What’s that flying around?

Two hundred volunteers to map the Campus’ biodiversity.
Participants during the Biodiversity Challenge today. Photo Guy Ackermans

You walk, cycle or drive past it every day. But what species actually grow, fly and crawl on the campus? Two hundred volunteers and a small army of experts are afoot today and tomorrow to record precisely that. The Diversity Challenge kicked off in Omnia this afternoon.

Thus, teacher Casper Quint’s idea has become a reality. Quist proposed the idea to professor Liesje Mommer, who leads the Wageningen Biodiversity Initiative. She got the executive board’s enthusiasm and approval, and, just like that, a new Wageningen challenge was born.

Lumen roof

Although the focus of the inventorying is tomorrow (Saturday), groups are already scouring the campus this afternoon, searching for insects, plants, birds, fungi, small mammals, and soil and water life.
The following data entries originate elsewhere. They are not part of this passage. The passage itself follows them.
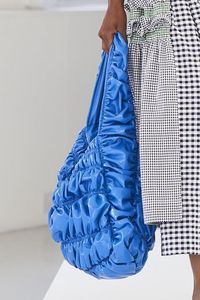 A bag this bright doesn't even need a cute outfit to go with it. You'll have all eyes on your purse.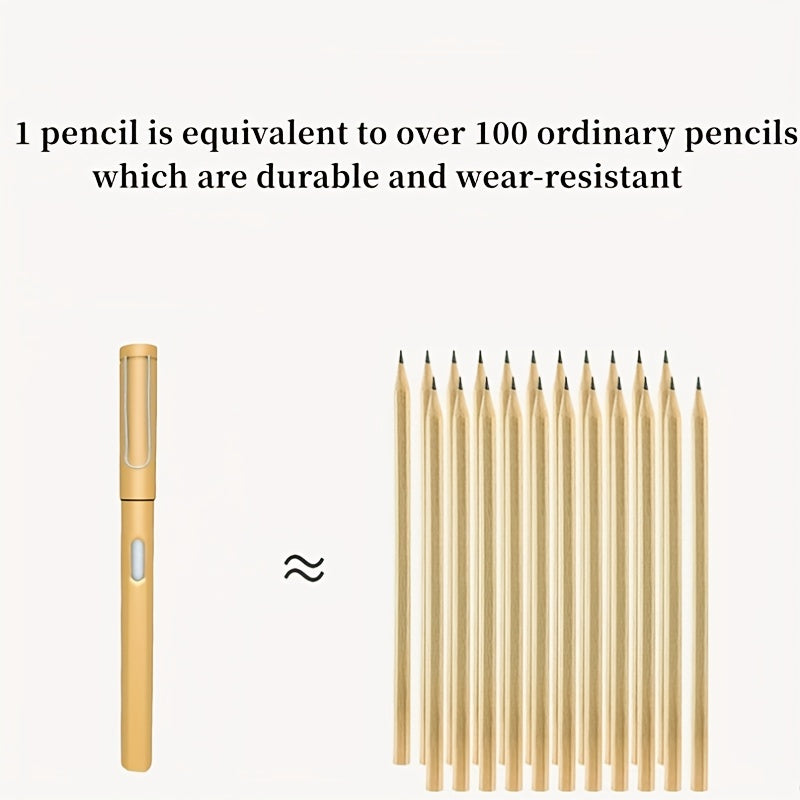 Eternal Pencil No Scratch Cutting Edge Technology Automatic Pencil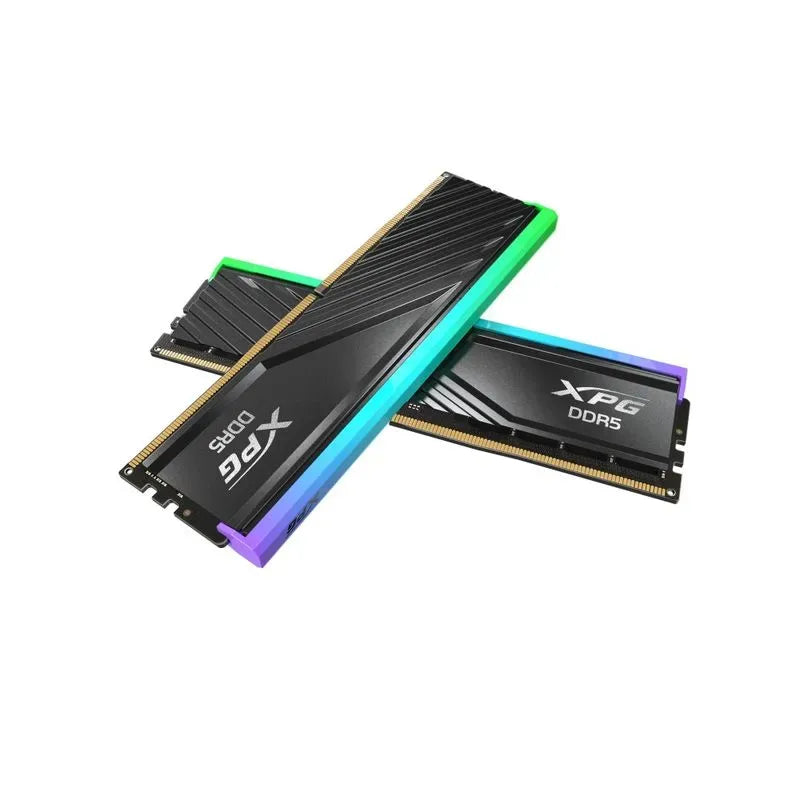 DDR5 XPG LANCER RGB 16GB 6000MHZ CL30 WT AX5U6000C3016G-CLARWH
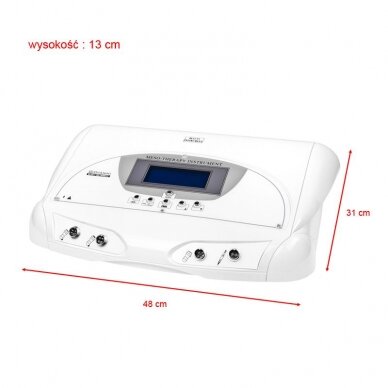 Mesoterapialaite GIOVANNI CLASSIC PROFESSIONAL 6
Doctoral candidate Eva Drukker leads a small group up the roof of Lumen.

Lumen is one of the campus’ buildings with a green roof. NIOO, and, more recently Omnia, have also been fitted with such a roof. A veritable smorgasbord of biodiversity can be found on these roofs. Drukker is eager to explain the benefits of green roofs. In her research, she studies what insects inhabit such urban roofs and how they form a biotope.

Dandelion

But the insects on the Lumen roof disappoint. A single bee buzzes around, and a spider mite crawls over a sedum plant. At the edge of the flowerbed is a lonely dandelion. Exotic? ‘No, this is excellent’, says Dekker. ‘Don’t remove it. Many people tend to weed out exotics, but you really shouldn’t. They are good for the roof’s ecosystem.’

The Biodiversity Challenge’s goal is to identify 1000 species. That may seem like a lot, but it really is not. Alumnus Nika van de Meijracker inventoried the plant diversity on campus for her master’s thesis two years ago. She tells the audience at the opening of the challenge in Omnia that she found almost 300 unique types. The heat-map of her findings is particularly interesting.

Omnia

The map shows that the eastern part of the campus is the richest in plant breeds by far. And that is precisely the spot where WUR has built Omnia. In revealing this, she unintentionally strikes a nerve. Campus development and biodiversity seldomly go well together.